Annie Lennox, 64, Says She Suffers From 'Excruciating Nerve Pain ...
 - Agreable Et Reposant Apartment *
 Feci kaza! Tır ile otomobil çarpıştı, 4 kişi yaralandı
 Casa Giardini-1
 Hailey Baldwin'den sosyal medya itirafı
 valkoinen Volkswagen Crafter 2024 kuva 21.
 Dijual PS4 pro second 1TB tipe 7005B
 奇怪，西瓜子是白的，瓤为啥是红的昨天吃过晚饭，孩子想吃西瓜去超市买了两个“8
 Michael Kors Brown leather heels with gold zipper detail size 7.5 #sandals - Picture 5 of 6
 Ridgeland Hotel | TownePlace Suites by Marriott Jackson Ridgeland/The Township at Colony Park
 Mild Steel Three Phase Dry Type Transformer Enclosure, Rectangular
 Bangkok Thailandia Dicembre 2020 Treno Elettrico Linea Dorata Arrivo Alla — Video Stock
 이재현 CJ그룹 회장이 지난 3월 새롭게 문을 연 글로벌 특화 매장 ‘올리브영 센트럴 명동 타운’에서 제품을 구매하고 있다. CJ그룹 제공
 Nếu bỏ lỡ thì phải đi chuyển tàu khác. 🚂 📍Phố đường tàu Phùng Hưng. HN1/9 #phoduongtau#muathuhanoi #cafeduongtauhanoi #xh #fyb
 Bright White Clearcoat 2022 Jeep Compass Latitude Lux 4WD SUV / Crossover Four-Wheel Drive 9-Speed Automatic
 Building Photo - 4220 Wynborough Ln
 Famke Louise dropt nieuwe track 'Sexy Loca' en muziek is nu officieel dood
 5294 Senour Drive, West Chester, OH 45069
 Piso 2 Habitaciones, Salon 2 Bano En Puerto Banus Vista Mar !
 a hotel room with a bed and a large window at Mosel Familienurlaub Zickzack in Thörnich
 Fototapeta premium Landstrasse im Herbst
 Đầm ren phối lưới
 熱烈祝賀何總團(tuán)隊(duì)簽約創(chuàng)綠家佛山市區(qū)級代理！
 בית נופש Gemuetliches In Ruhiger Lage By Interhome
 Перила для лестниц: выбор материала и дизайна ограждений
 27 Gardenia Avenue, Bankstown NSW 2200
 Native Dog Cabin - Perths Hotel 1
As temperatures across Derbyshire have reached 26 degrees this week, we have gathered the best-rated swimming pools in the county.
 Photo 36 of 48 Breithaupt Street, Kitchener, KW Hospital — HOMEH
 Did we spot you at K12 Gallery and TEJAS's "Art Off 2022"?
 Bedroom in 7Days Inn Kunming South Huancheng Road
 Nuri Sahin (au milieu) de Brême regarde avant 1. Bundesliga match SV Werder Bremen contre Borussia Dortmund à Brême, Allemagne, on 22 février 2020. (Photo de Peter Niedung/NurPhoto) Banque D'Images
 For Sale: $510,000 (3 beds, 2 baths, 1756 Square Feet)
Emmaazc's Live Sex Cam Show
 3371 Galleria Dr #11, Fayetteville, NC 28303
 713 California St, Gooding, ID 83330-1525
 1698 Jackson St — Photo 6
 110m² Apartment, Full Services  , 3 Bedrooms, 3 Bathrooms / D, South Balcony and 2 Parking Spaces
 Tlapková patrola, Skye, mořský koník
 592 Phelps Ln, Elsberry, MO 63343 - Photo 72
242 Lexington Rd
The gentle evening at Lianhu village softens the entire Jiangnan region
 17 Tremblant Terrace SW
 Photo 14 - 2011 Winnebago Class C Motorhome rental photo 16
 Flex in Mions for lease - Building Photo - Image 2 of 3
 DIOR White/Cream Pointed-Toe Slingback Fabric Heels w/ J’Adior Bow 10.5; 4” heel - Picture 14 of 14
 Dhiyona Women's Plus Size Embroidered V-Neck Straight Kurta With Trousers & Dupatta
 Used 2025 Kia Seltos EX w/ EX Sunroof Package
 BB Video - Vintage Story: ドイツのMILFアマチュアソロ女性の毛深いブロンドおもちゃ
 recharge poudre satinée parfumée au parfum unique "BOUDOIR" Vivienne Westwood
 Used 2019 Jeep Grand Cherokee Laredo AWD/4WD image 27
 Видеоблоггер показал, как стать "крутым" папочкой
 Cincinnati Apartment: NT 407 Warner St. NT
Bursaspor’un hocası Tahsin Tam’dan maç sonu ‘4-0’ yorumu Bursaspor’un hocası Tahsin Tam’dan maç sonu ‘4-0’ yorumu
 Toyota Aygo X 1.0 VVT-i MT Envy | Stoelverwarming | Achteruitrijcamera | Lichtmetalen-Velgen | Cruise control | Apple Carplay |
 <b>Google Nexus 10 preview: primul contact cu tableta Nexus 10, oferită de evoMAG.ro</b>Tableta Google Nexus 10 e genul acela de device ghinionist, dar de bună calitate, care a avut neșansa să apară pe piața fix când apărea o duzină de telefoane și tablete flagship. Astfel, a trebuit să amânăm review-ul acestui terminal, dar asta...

= = = = =

◆ **To do**: Reproduce, character for character, only the lines of the preceding data that start at the line with "Mild Steel Three" and end at the line with "DIOR White/Cream Pointed-Toe", both included.

◆ **Exercise result**:
 Mild Steel Three Phase Dry Type Transformer Enclosure, Rectangular
 Bangkok Thailandia Dicembre 2020 Treno Elettrico Linea Dorata Arrivo Alla — Video Stock
 이재현 CJ그룹 회장이 지난 3월 새롭게 문을 연 글로벌 특화 매장 ‘올리브영 센트럴 명동 타운’에서 제품을 구매하고 있다. CJ그룹 제공
 Nếu bỏ lỡ thì phải đi chuyển tàu khác. 🚂 📍Phố đường tàu Phùng Hưng. HN1/9 #phoduongtau#muathuhanoi #cafeduongtauhanoi #xh #fyb
 Bright White Clearcoat 2022 Jeep Compass Latitude Lux 4WD SUV / Crossover Four-Wheel Drive 9-Speed Automatic
 Building Photo - 4220 Wynborough Ln
 Famke Louise dropt nieuwe track 'Sexy Loca' en muziek is nu officieel dood
 5294 Senour Drive, West Chester, OH 45069
 Piso 2 Habitaciones, Salon 2 Bano En Puerto Banus Vista Mar !
 a hotel room with a bed and a large window at Mosel Familienurlaub Zickzack in Thörnich
 Fototapeta premium Landstrasse im Herbst
 Đầm ren phối lưới
 熱烈祝賀何總團(tuán)隊(duì)簽約創(chuàng)綠家佛山市區(qū)級代理！
 בית נופש Gemuetliches In Ruhiger Lage By Interhome
 Перила для лестниц: выбор материала и дизайна ограждений
 27 Gardenia Avenue, Bankstown NSW 2200
 Native Dog Cabin - Perths Hotel 1
As temperatures across Derbyshire have reached 26 degrees this week, we have gathered the best-rated swimming pools in the county.
 Photo 36 of 48 Breithaupt Street, Kitchener, KW Hospital — HOMEH
 Did we spot you at K12 Gallery and TEJAS's "Art Off 2022"?
 Bedroom in 7Days Inn Kunming South Huancheng Road
 Nuri Sahin (au milieu) de Brême regarde avant 1. Bundesliga match SV Werder Bremen contre Borussia Dortmund à Brême, Allemagne, on 22 février 2020. (Photo de Peter Niedung/NurPhoto) Banque D'Images
 For Sale: $510,000 (3 beds, 2 baths, 1756 Square Feet)
Emmaazc's Live Sex Cam Show
 3371 Galleria Dr #11, Fayetteville, NC 28303
 713 California St, Gooding, ID 83330-1525
 1698 Jackson St — Photo 6
 110m² Apartment, Full Services  , 3 Bedrooms, 3 Bathrooms / D, South Balcony and 2 Parking Spaces
 Tlapková patrola, Skye, mořský koník
 592 Phelps Ln, Elsberry, MO 63343 - Photo 72
242 Lexington Rd
The gentle evening at Lianhu village softens the entire Jiangnan region
 17 Tremblant Terrace SW
 Photo 14 - 2011 Winnebago Class C Motorhome rental photo 16
 Flex in Mions for lease - Building Photo - Image 2 of 3
 DIOR White/Cream Pointed-Toe Slingback Fabric Heels w/ J’Adior Bow 10.5; 4” heel - Picture 14 of 14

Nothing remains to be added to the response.